Inoltre, se è vero che la dottrina della giustificazione fu fattore capitale della rottura tra cattolici e luterani, oggi essa è quasi scomparsa dal senso comune. La lontananza da Dio, soprattutto nelle regioni che furono teatro della Riforma, ha fatto sbiadire anche la coscienza del peccato e la buona novella della grazia.

E questo dato di fatto ha ancor più facilitato da una parte l'accantonamento del contrasto dottrinale, e dall'altra parte un rilancio aggiornato dell'idea di giustificazione in termini di "misericordia", parola cardine del pontificato di Jorge Mario Bergoglio e polivalente quanto basta per essere condivisa anche dai luterani.

Nel discorso pronunciato a Lund, il papa ha infatti declassato i contrasti dottrinali a malintesi linguistici, quando ha detto che in sostanza la divisione è derivata da semplici chiusure "per paura o pregiudizio verso la fede che gli altri professano con un accento e un linguaggio diversi".


SACRAMENTI


Quanto ai sacramenti, il punto cruciale di contrasto riguarda l'eucaristia, e in particolare la possibilità di fare la comunione assieme nello stesso rito, cattolici e protestanti.

Un anno fa, in visita alla chiesa luterana di Roma, nel rispondere a una protestante sposata con un cattolico che chiedeva se poteva fare la comunione a messa, il papa aveva risposto con una girandola di sì, no, non so, fate voi, da cui comunque tutti trassero l'impressione che egli aprisse all'intercomunione, come in effetti successivamente confermò "La Civiltà Cattolica", specchio fedele del pensiero di Bergoglio:

> Comunione per tutti, anche per i protestanti

Poi però, alla vigilia del viaggio a Lund, è arrivato l'altolà del cardinale Kurt Koch, presidente del pontificio consiglio per l'unità dei cristiani, che in un'intervista a Giuseppe Rusconi per il blog Rossoporpora ha dichiarato:

"Se vogliamo discutere solo dell’eucarestia, non possiamo arrivare a un risultato positivo.
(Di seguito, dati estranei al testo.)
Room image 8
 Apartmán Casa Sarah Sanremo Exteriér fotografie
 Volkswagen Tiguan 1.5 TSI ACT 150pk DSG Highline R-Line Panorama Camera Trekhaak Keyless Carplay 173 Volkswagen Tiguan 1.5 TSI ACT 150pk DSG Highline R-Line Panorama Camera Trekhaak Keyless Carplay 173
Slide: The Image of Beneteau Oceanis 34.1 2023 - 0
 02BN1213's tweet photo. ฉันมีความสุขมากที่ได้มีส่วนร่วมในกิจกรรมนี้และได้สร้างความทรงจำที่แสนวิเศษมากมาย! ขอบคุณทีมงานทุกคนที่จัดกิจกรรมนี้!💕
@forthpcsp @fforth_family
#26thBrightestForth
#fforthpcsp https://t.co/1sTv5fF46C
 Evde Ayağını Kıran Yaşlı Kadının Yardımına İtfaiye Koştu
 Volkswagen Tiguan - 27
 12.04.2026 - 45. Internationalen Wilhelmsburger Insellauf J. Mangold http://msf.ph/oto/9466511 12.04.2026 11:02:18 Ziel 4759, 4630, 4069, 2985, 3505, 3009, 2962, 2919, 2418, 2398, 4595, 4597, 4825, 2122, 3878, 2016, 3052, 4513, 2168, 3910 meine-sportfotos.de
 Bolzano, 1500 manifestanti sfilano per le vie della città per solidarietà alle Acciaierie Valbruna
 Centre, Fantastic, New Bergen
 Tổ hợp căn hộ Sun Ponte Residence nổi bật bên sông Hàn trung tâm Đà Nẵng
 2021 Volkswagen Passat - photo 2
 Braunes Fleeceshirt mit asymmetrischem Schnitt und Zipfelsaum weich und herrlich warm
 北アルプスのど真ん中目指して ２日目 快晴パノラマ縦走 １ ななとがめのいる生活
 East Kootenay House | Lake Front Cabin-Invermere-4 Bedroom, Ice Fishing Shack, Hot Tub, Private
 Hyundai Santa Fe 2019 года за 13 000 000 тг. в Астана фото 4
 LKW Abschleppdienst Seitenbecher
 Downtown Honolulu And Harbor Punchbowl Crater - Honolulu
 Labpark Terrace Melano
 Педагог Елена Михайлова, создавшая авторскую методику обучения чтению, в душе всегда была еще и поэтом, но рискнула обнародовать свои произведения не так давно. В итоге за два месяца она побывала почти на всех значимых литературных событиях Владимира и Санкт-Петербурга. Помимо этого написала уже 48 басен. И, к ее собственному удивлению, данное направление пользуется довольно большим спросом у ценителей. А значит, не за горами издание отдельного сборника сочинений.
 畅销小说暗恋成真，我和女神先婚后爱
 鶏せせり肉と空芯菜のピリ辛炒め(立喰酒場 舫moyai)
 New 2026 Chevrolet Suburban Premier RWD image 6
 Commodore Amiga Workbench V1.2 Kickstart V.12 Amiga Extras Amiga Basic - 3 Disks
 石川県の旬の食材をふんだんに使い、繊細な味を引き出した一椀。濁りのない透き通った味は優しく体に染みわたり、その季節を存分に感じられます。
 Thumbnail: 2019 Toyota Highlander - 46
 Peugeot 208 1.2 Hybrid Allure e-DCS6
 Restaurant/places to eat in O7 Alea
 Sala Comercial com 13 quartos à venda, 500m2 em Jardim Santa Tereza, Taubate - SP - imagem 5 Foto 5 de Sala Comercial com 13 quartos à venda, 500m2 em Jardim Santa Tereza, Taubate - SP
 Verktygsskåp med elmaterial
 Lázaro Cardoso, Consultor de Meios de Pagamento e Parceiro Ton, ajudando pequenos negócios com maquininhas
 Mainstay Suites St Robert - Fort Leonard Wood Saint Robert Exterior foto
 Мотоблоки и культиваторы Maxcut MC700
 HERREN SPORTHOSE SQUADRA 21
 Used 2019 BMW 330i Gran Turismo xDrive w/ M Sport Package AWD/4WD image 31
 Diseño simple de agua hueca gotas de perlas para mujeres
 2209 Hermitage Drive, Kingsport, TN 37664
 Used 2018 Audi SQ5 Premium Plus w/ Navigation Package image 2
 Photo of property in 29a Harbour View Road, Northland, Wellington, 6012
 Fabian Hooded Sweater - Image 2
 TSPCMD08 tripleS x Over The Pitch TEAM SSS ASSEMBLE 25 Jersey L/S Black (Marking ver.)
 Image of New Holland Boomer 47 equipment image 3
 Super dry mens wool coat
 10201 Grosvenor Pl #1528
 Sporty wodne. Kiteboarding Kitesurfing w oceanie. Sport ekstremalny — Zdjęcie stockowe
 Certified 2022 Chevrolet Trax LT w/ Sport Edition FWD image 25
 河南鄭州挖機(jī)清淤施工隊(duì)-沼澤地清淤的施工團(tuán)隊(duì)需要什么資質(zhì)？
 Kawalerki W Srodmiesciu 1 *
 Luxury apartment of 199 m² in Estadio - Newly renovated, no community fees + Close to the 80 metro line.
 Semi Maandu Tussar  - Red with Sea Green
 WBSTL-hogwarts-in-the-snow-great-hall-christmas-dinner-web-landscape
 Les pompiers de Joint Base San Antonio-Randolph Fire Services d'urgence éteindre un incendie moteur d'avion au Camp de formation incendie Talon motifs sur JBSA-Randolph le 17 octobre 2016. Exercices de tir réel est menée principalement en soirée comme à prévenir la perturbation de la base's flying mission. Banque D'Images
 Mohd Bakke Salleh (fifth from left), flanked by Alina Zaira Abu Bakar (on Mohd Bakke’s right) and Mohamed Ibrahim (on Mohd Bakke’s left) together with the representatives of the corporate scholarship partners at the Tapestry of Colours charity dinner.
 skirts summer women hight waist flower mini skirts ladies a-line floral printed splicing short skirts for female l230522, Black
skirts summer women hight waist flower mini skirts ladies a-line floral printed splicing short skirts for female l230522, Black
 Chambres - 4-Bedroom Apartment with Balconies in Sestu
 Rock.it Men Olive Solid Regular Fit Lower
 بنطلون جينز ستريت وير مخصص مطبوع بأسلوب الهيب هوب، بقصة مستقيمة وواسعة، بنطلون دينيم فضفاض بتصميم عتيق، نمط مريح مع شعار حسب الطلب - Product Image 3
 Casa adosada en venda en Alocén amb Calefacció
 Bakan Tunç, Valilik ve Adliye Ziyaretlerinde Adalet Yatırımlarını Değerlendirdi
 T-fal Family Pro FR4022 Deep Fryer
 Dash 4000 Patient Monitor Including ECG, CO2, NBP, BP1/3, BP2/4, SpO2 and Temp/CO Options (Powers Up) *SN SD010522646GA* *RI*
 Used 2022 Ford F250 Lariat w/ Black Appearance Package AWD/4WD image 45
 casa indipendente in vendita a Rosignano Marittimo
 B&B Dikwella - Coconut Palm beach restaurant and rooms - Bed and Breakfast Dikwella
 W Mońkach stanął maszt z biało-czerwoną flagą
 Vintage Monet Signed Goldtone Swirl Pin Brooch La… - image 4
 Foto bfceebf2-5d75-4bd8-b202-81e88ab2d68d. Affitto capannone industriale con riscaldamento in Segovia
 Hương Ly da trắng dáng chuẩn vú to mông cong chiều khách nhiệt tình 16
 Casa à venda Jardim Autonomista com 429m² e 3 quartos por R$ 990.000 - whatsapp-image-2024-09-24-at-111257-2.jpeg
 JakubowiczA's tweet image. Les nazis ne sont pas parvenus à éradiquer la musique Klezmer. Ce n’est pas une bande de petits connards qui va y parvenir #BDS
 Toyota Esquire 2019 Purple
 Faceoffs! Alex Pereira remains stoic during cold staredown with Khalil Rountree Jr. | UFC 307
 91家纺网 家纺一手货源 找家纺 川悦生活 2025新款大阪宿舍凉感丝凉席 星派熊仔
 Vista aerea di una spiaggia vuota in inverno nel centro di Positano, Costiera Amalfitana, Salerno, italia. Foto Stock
Prima dobbiamo chiarire i concetti di Chiesa e di ministero. Per i cattolici il ministero sacerdotale è il presupposto per celebrare l’eucarestia. Penso che fin qui non abbiamo ancora approfondito e chiarito sufficientemente, nei rapporti con i luterani, i concetti sopra ricordati. Se non possiamo riconoscere le forme di ministero delle altre Chiese, è impossibile permettere l’intercomunione".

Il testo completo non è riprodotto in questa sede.